Well, given that the amount of heat produced in a resistor is equal to that predicted by current physics theory for a given resistance, voltage, and current, yes, I'm pretty confident.
Or is the heat a by product of the electrons passing through it.
Not "or", "and". Yes, it is. More precisely, it's the charge which is moving more than the electrons (which are also moving but much more slowly than the charge).
Also, are you sure that just because power is stored in an inductor it is being consumed?
No, and that doesn't make any sense anyway, as it's contradictory. I'm quite certain that the charge which is stored in an inductor is stored in the inductor, not consumed by the inductor. Energy which cannot be reclaimed cannot be said to have been stored.
Are you certain you cant get that power back?
No, and I didn't say that. The stored energy in an inductor can be gotten back--otherwise we would not say that the energy had been stored; we'd say it had been consumed. Some energy can be consumed (say, into heat by internal resistance, or into magnetic force) but then we don't say that this energy has been stored by the inductor--although we can store some of the converted energy, for instance, as kinetic energy in a flywheel. This energy can of course be at least partially reclaimed.
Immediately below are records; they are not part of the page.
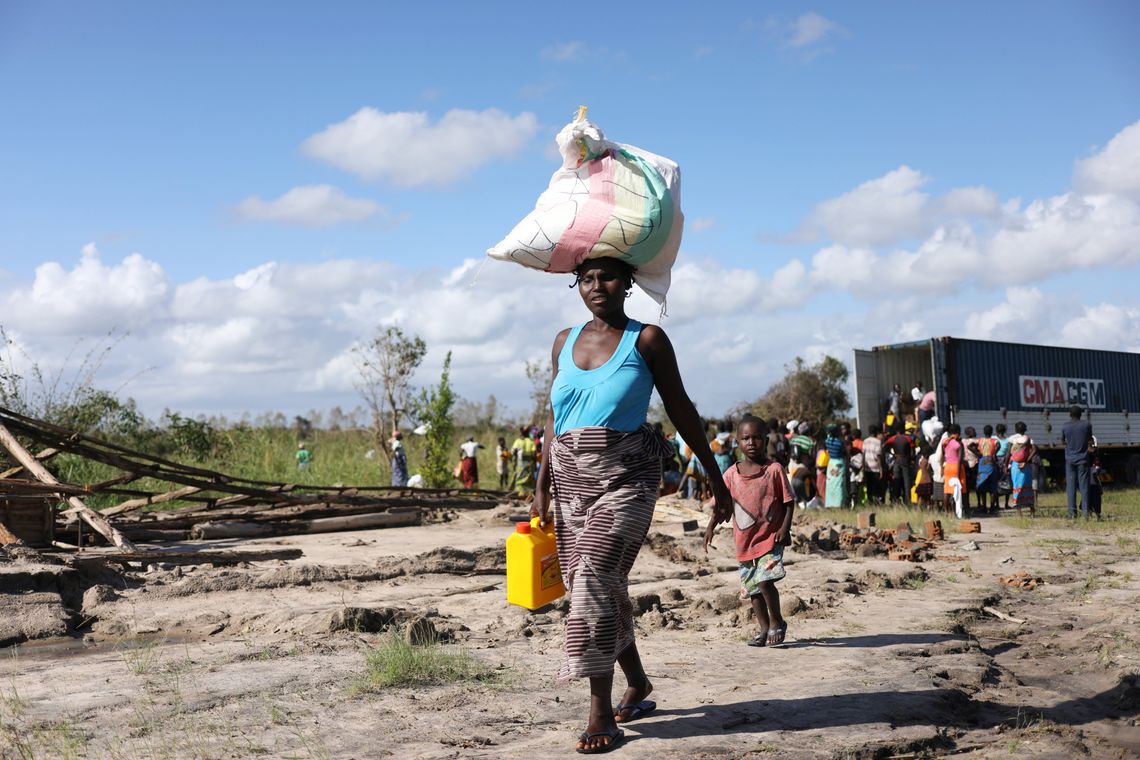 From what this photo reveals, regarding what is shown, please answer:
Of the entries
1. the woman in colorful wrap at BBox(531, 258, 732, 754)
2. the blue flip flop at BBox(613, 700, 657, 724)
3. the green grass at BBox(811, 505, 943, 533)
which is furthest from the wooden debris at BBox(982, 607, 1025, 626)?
the green grass at BBox(811, 505, 943, 533)

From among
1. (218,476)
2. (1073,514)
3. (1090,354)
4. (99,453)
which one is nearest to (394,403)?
(218,476)

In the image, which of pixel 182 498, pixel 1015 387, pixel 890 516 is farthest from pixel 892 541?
pixel 1015 387

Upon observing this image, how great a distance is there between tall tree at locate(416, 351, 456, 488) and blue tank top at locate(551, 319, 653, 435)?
17.0 meters

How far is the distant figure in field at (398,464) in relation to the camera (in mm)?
20156

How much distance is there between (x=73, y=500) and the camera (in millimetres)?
10641

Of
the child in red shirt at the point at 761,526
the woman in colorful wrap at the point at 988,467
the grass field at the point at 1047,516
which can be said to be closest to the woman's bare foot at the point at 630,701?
the child in red shirt at the point at 761,526

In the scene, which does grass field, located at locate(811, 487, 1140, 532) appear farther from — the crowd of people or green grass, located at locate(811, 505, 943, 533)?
the crowd of people

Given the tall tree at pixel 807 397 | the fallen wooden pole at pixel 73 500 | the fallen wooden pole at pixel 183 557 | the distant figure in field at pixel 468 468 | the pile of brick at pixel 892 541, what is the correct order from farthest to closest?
the tall tree at pixel 807 397 → the distant figure in field at pixel 468 468 → the pile of brick at pixel 892 541 → the fallen wooden pole at pixel 73 500 → the fallen wooden pole at pixel 183 557

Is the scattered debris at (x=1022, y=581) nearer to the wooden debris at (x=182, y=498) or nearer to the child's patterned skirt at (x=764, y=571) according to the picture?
the child's patterned skirt at (x=764, y=571)

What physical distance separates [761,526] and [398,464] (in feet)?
48.6

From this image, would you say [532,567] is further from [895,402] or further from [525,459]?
[895,402]

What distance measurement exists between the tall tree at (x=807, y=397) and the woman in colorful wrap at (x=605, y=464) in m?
27.3

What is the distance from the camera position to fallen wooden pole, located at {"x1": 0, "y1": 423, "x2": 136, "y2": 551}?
10.2 m

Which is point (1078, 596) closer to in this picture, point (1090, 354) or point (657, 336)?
point (657, 336) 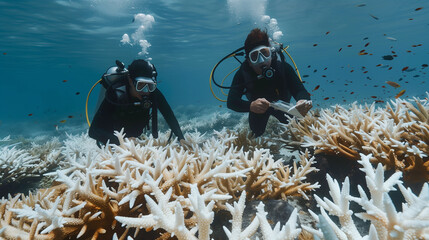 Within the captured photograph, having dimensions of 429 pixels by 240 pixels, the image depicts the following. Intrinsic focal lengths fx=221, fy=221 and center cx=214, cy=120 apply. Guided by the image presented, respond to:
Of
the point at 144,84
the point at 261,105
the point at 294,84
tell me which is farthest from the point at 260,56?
the point at 144,84

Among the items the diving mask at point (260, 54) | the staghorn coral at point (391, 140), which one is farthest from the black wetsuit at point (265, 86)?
the staghorn coral at point (391, 140)

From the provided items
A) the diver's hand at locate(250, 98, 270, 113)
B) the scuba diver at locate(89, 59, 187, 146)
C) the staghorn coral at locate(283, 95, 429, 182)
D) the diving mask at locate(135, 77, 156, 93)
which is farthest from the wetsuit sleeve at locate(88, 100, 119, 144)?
the staghorn coral at locate(283, 95, 429, 182)

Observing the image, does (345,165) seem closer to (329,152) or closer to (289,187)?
(329,152)

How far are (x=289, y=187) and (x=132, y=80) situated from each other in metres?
3.96

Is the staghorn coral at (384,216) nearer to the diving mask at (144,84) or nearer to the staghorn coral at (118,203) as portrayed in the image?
the staghorn coral at (118,203)

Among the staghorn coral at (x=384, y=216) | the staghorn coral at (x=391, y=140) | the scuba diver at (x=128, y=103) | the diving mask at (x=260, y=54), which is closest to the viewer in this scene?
the staghorn coral at (x=384, y=216)

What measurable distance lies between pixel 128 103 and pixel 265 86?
3604 millimetres

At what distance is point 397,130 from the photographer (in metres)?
2.90

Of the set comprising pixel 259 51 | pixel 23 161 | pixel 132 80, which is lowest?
pixel 23 161

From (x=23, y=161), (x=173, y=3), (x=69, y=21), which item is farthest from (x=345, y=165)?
(x=69, y=21)

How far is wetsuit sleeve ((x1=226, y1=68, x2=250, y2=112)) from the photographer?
18.2 ft

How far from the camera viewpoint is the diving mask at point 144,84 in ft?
15.1

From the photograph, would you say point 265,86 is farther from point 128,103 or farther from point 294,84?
point 128,103

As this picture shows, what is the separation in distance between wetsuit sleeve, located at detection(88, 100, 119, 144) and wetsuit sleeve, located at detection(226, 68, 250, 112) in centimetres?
288
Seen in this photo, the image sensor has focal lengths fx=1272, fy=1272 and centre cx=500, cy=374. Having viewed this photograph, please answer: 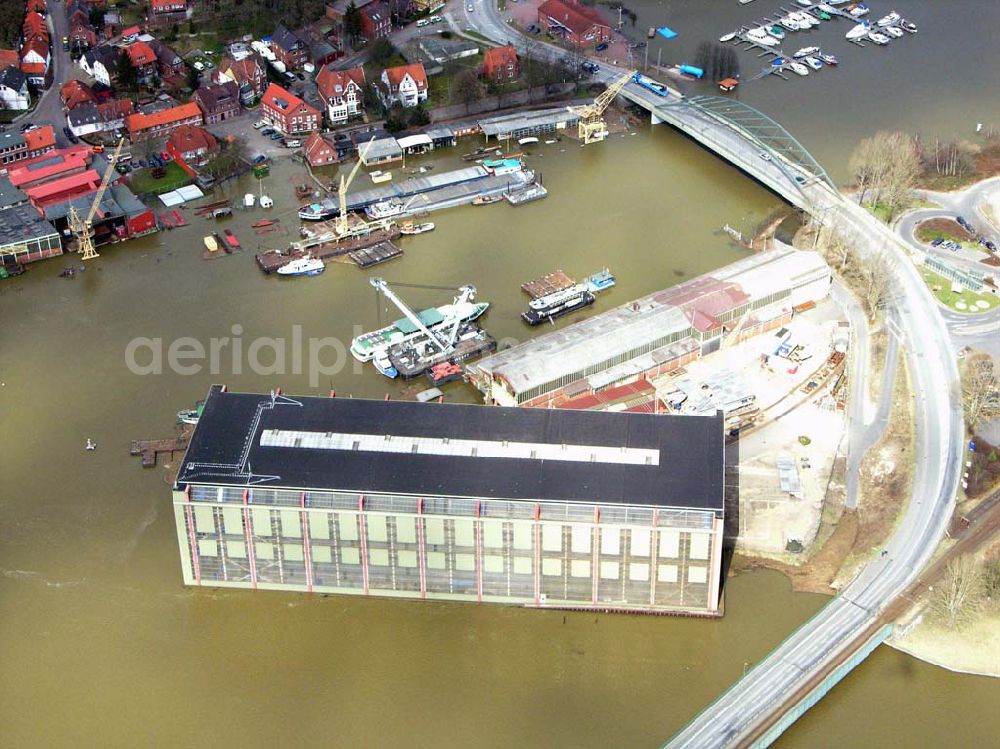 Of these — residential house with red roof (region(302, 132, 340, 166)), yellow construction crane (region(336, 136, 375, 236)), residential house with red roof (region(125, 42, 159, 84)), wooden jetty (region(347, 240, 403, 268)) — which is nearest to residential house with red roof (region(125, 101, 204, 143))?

What I have noticed in my experiments is that voltage seems to play a very big role in charging lead acid batteries. That is how the Tesla switch recaptures most of its energy.
Voltage is important in any battery charger, as is current.
Again, are you planning on publishing any of these test methodologies, setups, and results of yours which you keep referencing? I really would like to try to replicate some of your results.